In 2007, the White Stripes and their label, XL Recordings, gave away a red vinyl single mounted on the cover of the NME weekly music magazine.

It came in a gatefold sleeve with space to hold the band's commercial release, Icky Thump - a promotion that resulted in the highest sales for a vinyl seven-inch in more than two decades.

Another XL artist, 24-year-old singer-songwriter Jack Penate, is an especially keen fan of the 45, despite the fact that he wasn't even born when the format was in its heyday.

To launch his career, he released a limited-edition single that featured a unique Polaroid photograph stuck to the front of every copy.

As well as making singles, he also collects them and even DJs in clubs using just seven-inch records.

"What I love about seven-inch singles is the sound quality and the warmth, and also that they're physical, and I will keep them forever and I cherish them. They're not throwaway," he says.

"I always feel that if you download music, you rarely listen to it over and over again, whereas most of my singles have been played hundreds of times."

Independent sales

The BPI admits that seven-inch singles may be even more popular than its figures suggest, since they are based on shops that report to the Official UK Charts Company, which compiles the weekly Top 40.

As it acknowledges, many singles are sold through specialist retailers, which do not necessarily have their sales figures canvassed for the charts.

At one such retailer, Rough Trade East in London's Brick Lane area, seven-inch singles are prominently displayed.

The shop's co-owner and manager, Nigel House, says they are an important part of its stock.

"They get people into the shop, buying records," he says.

"Obviously, you make more money selling a CD, but there's nothing like seven-inch singles, especially for the music aficionados.

"They're tactile, they have fantastic sleeves, they sound great, they're concise. Pure pop."

But despite the healthy sales figures, today's vinyl record buyers may be treating their purchases as cult objects, rather than actually playing them.

"A lot of the kids who buy these seven-inches probably don't have record players," says Jack Penate. "I think it's a lot more that they love looking at them.

"For them, it's something from a lost era.
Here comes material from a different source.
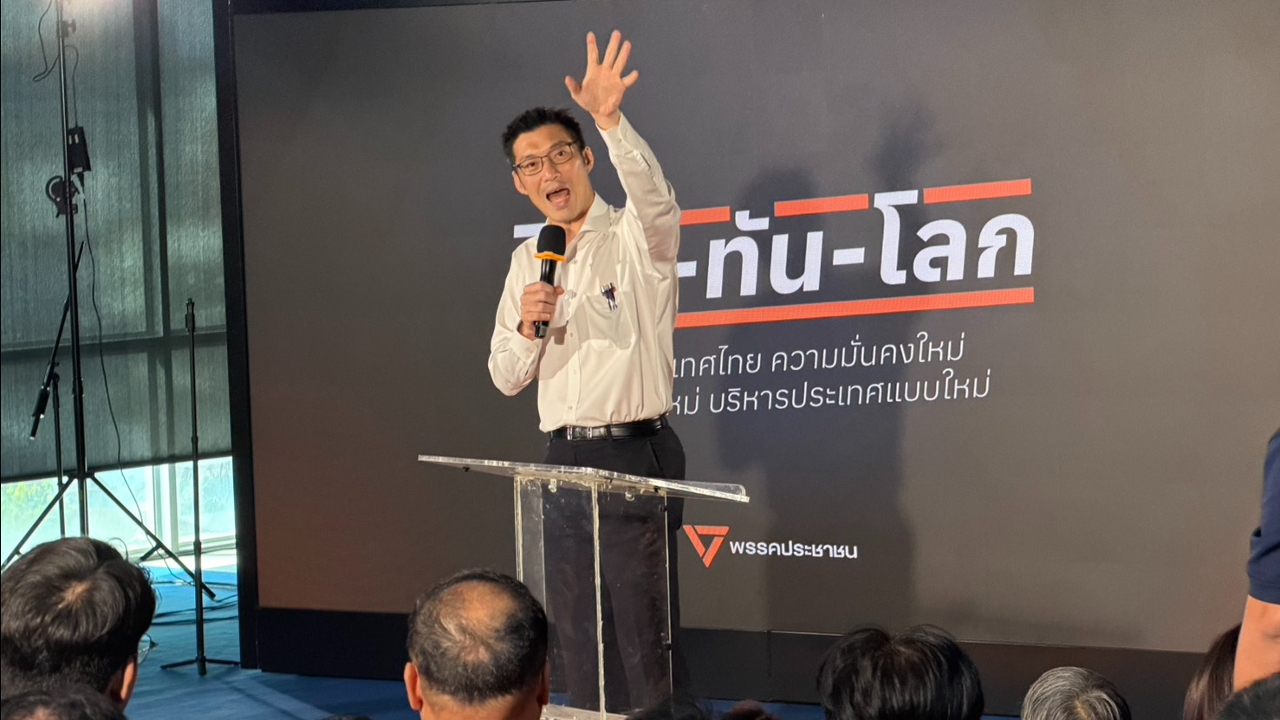 “ธนาธร” ชู “เมกะโปรเจกต์สีส้ม” ทุ่ม 6.3 แสนล้าน 8 ปีเปลี่ยน “ไทย” เป็นประเทศพัฒนาแล้ว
Maybe it makes them feel more like a real fan. They've got something physical, instead of MP3s, which are completely 'non' - there's nothing to hold or see."

Singles barred

That lost era took another step further into the past recently, with the demise of one of the most important stockists of old vinyl singles.
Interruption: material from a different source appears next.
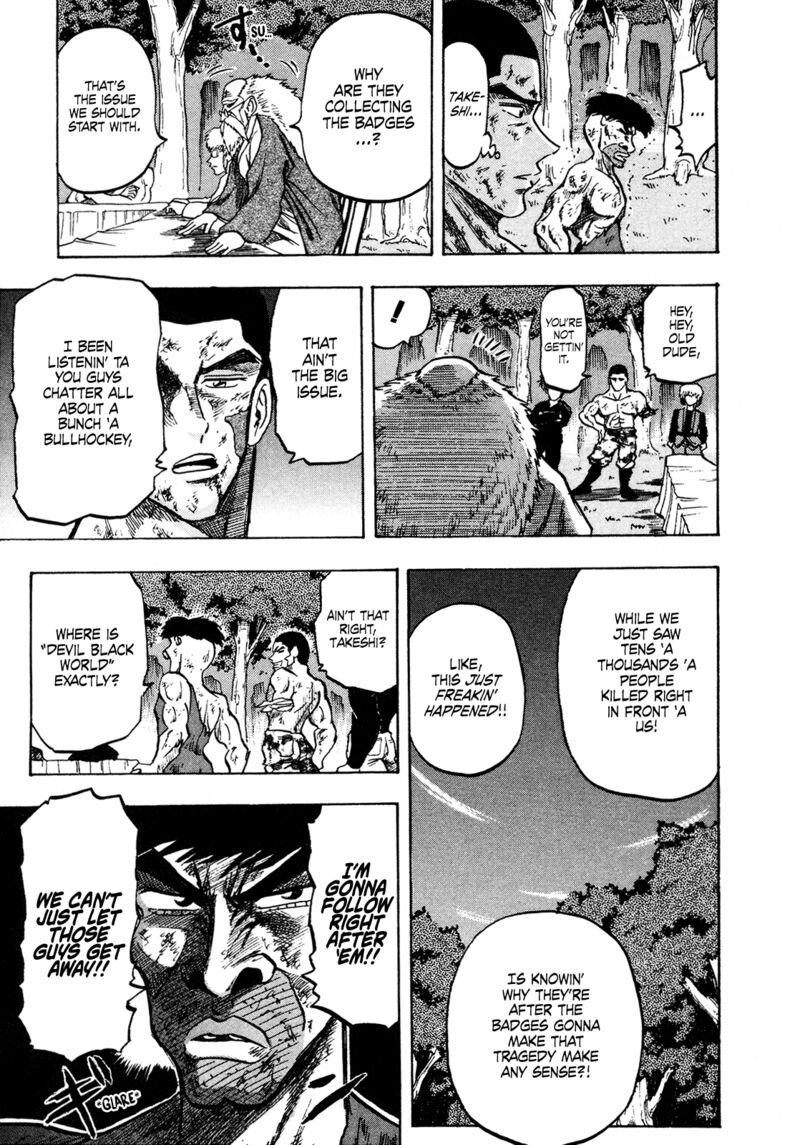 Seikimatsu Leader Den Takeshi 139 7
Beanos of Croydon, in south London, used to be the biggest second-hand record shop in Europe, with its Singles Bar department boasting copies of virtually every seven-inch to make the charts since their inception in 1952.

But the shop has been struggling to survive for the past two years, and is set to close by March 2009. Beanos has already disposed of its last remaining singles, with only CDs and vinyl LPs still in the racks.

Owner David Lashmar plans to open an indoor market in the same building, but he admits he will miss his 30 years as a dealer in seven-inch 45s.

"Back in the late 1950s, buying a seven-inch single, having it at home, taking it down the youth club and impressing the birds with it was a really important thing to do," he says.

"That was all I could afford. A seven-inch single was pitched dead right. It was an indulgence, but it would give you status."

Those heady days will never return. But for many music lovers, the snap, crackle and pop of vinyl remains very much alive.